Task to carry out: Your answer should be only the lines below from the one with "Highlight Am Stadtplatz" to the one with "Used 2014 Porsche 911 GT3 image 9", repeated exactly, ends included.

#### Material provided ####

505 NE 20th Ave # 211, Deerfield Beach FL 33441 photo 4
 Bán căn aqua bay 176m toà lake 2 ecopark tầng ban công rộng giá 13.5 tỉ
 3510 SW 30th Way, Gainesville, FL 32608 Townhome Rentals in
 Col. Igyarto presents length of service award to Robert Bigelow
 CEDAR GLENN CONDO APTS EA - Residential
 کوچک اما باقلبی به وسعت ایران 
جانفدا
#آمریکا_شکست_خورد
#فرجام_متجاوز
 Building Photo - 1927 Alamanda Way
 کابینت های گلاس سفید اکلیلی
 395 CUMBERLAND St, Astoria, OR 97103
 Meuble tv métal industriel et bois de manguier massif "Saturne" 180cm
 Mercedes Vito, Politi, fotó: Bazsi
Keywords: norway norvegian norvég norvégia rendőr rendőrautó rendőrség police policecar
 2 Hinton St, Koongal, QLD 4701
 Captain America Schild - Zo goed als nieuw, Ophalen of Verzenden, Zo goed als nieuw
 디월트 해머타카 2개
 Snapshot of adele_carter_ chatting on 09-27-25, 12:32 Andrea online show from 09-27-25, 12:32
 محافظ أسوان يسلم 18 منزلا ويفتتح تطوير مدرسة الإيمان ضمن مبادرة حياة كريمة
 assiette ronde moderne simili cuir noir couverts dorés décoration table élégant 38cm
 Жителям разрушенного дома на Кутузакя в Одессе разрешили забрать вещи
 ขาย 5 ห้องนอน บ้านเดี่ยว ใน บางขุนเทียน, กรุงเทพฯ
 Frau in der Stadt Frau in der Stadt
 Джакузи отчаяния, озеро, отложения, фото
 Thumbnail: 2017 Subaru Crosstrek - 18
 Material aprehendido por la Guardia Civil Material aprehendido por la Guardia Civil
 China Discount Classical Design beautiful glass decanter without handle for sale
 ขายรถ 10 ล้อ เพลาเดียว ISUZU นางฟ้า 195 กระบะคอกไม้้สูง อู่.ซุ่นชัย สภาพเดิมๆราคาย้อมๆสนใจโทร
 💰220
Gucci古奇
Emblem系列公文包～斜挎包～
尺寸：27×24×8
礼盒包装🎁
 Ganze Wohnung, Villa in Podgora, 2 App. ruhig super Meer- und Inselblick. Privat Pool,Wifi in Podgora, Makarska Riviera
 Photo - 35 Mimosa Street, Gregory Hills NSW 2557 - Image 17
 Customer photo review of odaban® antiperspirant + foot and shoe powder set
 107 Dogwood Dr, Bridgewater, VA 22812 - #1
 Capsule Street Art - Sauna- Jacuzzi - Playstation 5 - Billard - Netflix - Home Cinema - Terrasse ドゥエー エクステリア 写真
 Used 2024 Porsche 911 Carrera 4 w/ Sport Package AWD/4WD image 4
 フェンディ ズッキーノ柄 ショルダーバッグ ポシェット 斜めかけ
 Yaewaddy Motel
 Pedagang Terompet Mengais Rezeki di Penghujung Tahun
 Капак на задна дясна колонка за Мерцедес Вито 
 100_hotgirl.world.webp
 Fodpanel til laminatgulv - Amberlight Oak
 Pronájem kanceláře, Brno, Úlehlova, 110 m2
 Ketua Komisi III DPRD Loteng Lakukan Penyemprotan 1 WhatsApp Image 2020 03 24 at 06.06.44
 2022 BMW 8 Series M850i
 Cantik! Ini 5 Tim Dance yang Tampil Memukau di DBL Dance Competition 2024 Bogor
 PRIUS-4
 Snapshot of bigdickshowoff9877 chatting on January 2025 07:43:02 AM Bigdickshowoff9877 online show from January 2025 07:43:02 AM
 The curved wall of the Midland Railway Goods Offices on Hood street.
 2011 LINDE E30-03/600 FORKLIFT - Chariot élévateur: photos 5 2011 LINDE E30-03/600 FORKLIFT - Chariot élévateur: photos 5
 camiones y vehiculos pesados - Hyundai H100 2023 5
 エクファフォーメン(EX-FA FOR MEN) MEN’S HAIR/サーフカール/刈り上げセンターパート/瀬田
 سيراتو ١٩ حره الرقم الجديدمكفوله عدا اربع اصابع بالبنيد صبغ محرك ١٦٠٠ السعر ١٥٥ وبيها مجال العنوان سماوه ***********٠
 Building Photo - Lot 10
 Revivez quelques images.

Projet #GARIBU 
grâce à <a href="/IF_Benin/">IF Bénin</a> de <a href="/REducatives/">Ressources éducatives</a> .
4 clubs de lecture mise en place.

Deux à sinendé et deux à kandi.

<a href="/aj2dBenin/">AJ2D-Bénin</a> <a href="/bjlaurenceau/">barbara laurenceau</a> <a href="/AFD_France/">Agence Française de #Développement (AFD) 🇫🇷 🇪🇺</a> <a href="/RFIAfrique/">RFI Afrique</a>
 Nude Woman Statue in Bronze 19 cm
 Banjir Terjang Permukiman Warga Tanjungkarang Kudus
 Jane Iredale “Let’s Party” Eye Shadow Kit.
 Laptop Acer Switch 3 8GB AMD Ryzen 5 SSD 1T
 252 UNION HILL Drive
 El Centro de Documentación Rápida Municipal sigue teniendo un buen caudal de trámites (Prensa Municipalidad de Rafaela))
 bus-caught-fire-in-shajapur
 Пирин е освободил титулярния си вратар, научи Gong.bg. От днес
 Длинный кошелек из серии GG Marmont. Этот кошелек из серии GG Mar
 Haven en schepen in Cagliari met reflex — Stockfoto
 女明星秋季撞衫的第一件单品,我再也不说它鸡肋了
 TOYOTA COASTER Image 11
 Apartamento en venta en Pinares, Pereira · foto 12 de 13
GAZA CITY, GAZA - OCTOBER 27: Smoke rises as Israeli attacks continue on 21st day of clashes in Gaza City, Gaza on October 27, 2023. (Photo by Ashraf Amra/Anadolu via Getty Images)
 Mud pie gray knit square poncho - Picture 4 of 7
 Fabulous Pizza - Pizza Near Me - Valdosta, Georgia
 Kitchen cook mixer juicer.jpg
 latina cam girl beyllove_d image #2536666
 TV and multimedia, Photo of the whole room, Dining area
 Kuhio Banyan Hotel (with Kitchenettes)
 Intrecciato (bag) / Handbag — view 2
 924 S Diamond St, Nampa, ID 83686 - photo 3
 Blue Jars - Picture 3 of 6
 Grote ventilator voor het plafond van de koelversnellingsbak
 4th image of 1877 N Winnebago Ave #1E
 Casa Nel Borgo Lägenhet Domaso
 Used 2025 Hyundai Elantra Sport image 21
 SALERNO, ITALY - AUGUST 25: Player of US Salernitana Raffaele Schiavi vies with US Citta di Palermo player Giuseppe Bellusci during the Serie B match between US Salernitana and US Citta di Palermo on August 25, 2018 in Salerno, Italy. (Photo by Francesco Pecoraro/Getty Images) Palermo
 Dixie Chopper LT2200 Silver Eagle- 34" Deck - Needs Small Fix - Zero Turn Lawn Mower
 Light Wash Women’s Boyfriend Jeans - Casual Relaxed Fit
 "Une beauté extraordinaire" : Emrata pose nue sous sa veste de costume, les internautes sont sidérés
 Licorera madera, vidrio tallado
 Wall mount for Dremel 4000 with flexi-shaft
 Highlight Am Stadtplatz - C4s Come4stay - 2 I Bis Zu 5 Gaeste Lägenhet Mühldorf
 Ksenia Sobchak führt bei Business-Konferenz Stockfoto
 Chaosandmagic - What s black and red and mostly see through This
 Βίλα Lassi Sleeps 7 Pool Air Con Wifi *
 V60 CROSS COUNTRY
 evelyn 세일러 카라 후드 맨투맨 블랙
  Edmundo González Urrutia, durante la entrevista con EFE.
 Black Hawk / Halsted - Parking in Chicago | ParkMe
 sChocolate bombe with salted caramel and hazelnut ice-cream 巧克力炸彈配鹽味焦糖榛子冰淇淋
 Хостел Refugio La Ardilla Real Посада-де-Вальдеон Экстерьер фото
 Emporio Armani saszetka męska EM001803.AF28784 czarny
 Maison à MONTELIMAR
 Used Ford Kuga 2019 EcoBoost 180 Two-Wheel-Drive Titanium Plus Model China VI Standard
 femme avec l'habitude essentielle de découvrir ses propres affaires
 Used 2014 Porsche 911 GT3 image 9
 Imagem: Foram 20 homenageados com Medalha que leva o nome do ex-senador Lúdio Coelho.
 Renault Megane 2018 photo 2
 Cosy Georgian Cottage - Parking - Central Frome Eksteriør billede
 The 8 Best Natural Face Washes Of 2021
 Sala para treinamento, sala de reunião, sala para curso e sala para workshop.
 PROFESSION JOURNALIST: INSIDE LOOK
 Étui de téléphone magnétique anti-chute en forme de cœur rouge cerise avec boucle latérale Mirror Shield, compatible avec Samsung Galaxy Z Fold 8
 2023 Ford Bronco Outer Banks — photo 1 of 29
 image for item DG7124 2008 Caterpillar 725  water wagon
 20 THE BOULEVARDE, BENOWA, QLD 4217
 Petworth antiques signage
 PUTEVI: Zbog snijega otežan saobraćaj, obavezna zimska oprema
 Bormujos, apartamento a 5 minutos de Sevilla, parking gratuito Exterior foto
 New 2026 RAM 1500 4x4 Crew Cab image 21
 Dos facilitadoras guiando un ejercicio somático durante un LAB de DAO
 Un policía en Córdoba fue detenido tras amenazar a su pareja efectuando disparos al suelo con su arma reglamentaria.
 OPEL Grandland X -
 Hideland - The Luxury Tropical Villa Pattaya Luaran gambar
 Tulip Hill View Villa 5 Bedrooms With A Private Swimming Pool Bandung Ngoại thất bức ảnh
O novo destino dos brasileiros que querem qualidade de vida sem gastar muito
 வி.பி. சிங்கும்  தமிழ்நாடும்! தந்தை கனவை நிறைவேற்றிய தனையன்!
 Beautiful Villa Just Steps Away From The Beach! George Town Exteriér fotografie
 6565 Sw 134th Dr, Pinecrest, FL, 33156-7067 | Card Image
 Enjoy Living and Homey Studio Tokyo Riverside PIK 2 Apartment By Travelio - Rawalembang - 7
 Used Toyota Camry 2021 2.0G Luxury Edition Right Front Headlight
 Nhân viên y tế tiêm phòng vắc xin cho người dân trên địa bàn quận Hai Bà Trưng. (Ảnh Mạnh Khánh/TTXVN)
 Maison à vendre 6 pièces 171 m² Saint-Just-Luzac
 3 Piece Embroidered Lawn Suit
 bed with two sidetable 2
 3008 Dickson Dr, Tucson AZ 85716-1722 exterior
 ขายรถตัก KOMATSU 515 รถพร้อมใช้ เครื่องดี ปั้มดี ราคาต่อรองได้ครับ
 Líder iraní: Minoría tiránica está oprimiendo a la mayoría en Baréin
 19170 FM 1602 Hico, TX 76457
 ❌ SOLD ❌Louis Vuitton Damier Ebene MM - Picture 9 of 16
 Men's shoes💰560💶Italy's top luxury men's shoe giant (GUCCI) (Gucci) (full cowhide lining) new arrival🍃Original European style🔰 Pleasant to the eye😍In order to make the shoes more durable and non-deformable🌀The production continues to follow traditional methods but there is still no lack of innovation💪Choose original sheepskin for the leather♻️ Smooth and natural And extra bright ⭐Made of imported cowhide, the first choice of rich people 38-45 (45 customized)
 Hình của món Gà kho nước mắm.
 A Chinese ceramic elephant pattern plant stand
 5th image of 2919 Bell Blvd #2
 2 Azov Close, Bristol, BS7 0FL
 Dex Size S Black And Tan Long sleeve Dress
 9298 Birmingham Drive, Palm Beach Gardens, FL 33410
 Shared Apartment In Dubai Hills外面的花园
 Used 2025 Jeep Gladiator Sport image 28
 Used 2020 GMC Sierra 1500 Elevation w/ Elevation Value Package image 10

####

Problem solution:
 Highlight Am Stadtplatz - C4s Come4stay - 2 I Bis Zu 5 Gaeste Lägenhet Mühldorf
 Ksenia Sobchak führt bei Business-Konferenz Stockfoto
 Chaosandmagic - What s black and red and mostly see through This
 Βίλα Lassi Sleeps 7 Pool Air Con Wifi *
 V60 CROSS COUNTRY
 evelyn 세일러 카라 후드 맨투맨 블랙
  Edmundo González Urrutia, durante la entrevista con EFE.
 Black Hawk / Halsted - Parking in Chicago | ParkMe
 sChocolate bombe with salted caramel and hazelnut ice-cream 巧克力炸彈配鹽味焦糖榛子冰淇淋
 Хостел Refugio La Ardilla Real Посада-де-Вальдеон Экстерьер фото
 Emporio Armani saszetka męska EM001803.AF28784 czarny
 Maison à MONTELIMAR
 Used Ford Kuga 2019 EcoBoost 180 Two-Wheel-Drive Titanium Plus Model China VI Standard
 femme avec l'habitude essentielle de découvrir ses propres affaires
 Used 2014 Porsche 911 GT3 image 9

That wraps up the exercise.